The task :: Nothing but the lines below from the one that contains "Je Joue Juno Klassieke Vibrator | Paars" through the one that contains "Woman and nephew" should be retyped, exactly and including both ends. Do not include pictures.

Records supplied ::
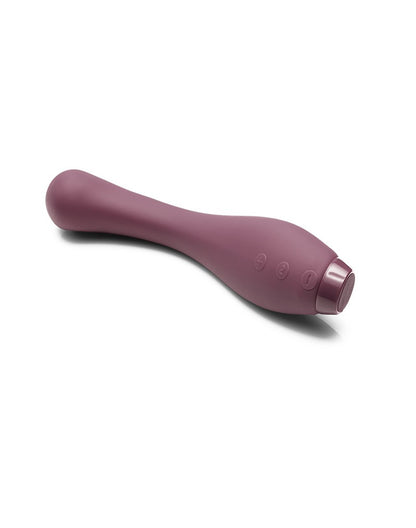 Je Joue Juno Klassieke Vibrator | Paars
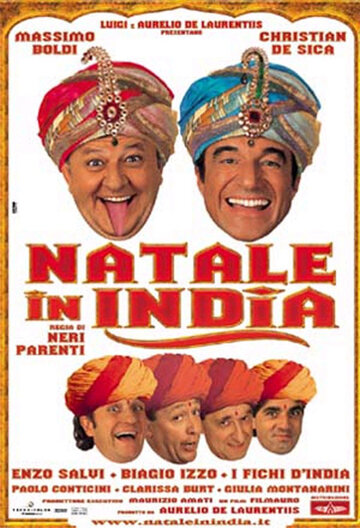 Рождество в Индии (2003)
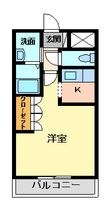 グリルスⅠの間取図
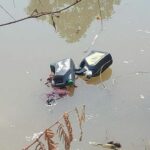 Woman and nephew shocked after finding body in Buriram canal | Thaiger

* * *

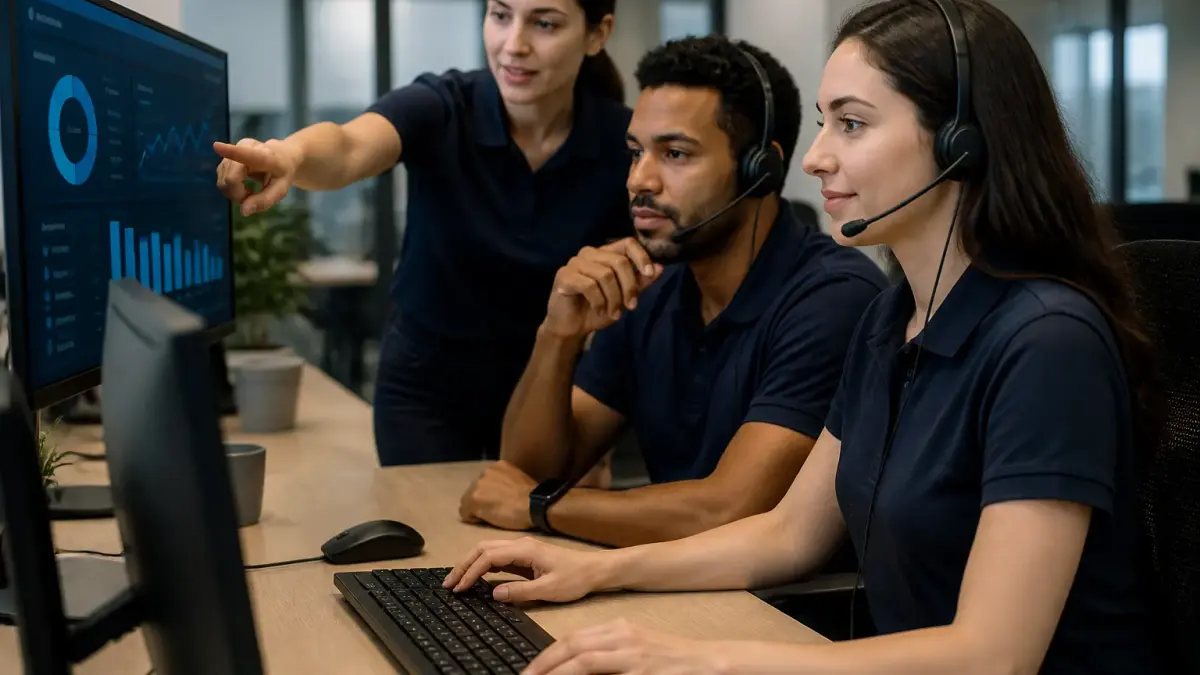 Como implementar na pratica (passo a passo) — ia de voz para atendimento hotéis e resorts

---

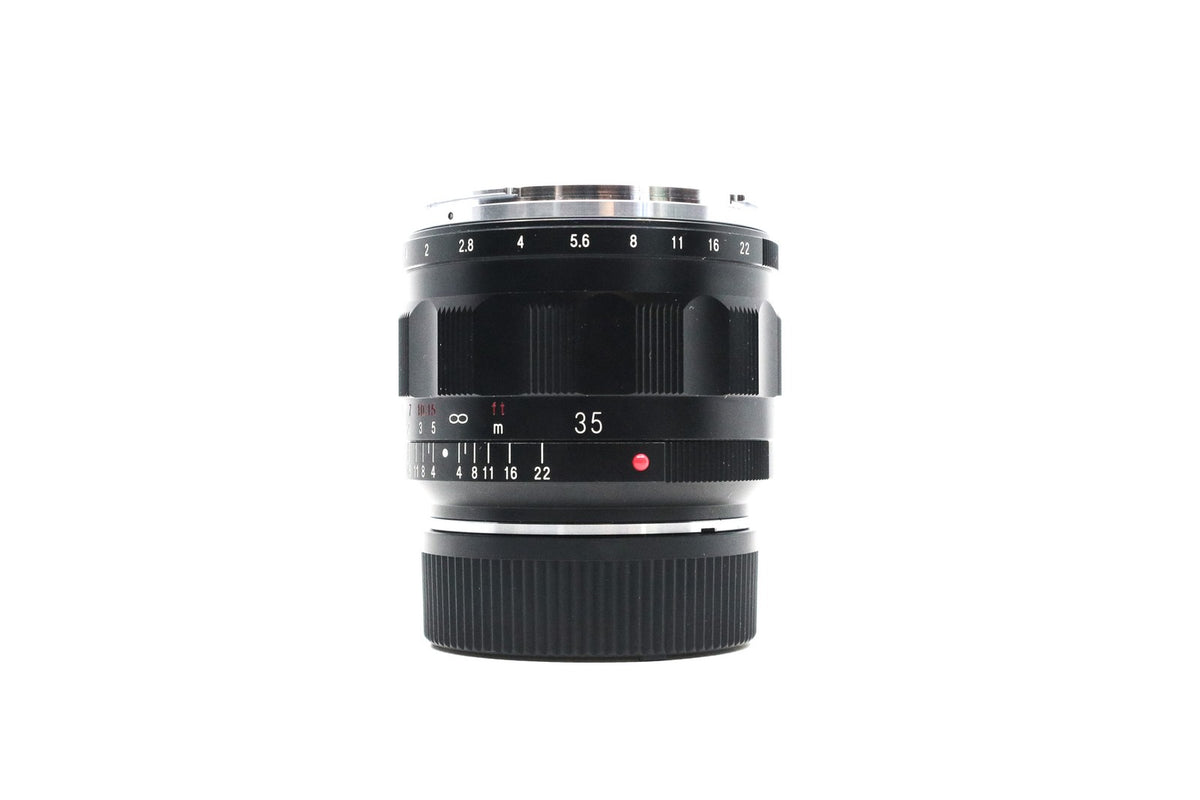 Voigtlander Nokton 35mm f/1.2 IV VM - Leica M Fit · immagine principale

Completed exercise ::
 Je Joue Juno Klassieke Vibrator | Paars
 Рождество в Индии (2003)
 グリルスⅠの間取図
 Woman and nephew shocked after finding body in Buriram canal | Thaiger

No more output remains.